Following a trial, the ALJ issued an initial determination in May 2005. The ALJ found that Dominant's super-small LEDs infringed the 673 patent in violation of 35 U.S.C. § 271(a) and that there was a domestic industry with respect to that patent. In re Certain Light Emitting Diodes and Products Containing Same, Inv. No. 337-TA-512 (Int'l Trade Comm'n May 10, 2005). The ALJ did not, however, find infringement of OSRAM's nine other patents. He found the particle size patents invalid for indefiniteness under 35 U.S.C. § 112; that Dominant did not infringe, and OSRAM had not satisfied the domestic industry requirement with respect to, the930 patent; and that Dominant's accused products did not infringe the lead frame patents.
After reviewing the ALJ's findings and conclusions, the ITC held on August 10, 2005 that the particle size patents were not, in fact, invalid for indefiniteness, and it remanded the case to the ALJ to determine whether those patents were infringed. In re Certain Light-Emitting Diodes and Products Containing Same, Inv. No. 337-TA-512 (Int'l Trade Comm'n Aug. 10, 2005). The ITC agreed with the ALJ that Dominant's LEDs did not infringe OSRAM's 930 patent. Finally, the ITC deferred addressing the issue of infringement of the lead frame patents until after the ALJ had made an infringement determination about the particle size patents on remand.
After examining the particle size patents on remand, the ALJ found no violation of section 337 on the ground that OSRAM had failed to show that there was an industry in the United States that practices those patents and, further, that some of Dominant's accused products did not infringe the asserted claims of the particle size patents. The ITC issued notice of its final determination with regard to OSRAM's particle size and lead frame patents on January 11, 2006, ruling that Dominant's accused products did not infringe the particle size patents but that they did infringe the lead frame patents. In re Certain Light-Emitting Diodes and Products Containing Same, Inv. No. 337-TA-512 (Int'l Trade Comm'n Jan. 26, 2006).
On appeal, this Court reversed the ITC's non-infringement ruling regarding the particle size patents. We concluded that the domestic industry prong of Section 337 was satisfied, the ITC had erred in its claim construction, and on the correct claim construction OSRAM's particle size patents were, in fact, infringed. OSRAM GmbH v. Int'l Trade Comm'n, 505 F.3d 1351, 1353 (Fed. Cir. 2007).

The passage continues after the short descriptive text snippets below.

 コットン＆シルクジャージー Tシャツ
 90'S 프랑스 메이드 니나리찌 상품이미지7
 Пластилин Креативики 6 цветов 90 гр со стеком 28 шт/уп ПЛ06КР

Dominant commenced this lawsuit on August 13, 2004, shortly after filing its answer to OSRAM's complaint before the ITC. Dominant asserted claims for unfair competition under the Lanham Act and for unfair competition, trade libel, and interference with contractual relations and prospective economic advantage under California statutory and common law. Underlying Dominant's claims was its contention that in the Property Rights Letter in 2001, the Schachtner Letter and Wohs Email in 2003, and the 2004 Press Releases, OSRAM made false and misleading infringement allegations about Dominant's products and asserted its patent rights in bad faith.

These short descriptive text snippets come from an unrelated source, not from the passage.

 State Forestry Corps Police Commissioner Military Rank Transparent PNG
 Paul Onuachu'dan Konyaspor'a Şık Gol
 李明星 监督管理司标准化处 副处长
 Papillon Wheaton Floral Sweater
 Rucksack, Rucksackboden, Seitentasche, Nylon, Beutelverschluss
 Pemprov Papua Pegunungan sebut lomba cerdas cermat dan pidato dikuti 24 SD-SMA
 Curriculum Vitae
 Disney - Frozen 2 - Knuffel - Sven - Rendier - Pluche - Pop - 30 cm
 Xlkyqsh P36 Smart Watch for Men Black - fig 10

OSRAM moved for summary judgment, arguing that there was no evidence that its pre-litigation communications had been made in bad faith because it relied on the advice of attorney Schachtner and because the rulings in the ITC case established that Schachtner's opinion was well-founded. In opposing summary judgment, Dominant focused on the reliability — or, as Dominant asserted, the unreliability — of the findings in the Schachtner Letter and the Wohs Email. First, Dominant contended that OSRAM's failure to provide evidence substantiating the Schachtner Letter's infringement analysis gave rise to a genuine issue of material fact as to the reliability of the analysis. Second, Dominant argued that the assertions in the Schachtner Letter revealed their own unreliability and could not have been supported by information available to Schachtner at the time. Finally, Dominant argued that the Schachtner Letter and the Wohs Email created a false impression that all of Dominant's products infringed OSRAM's patents.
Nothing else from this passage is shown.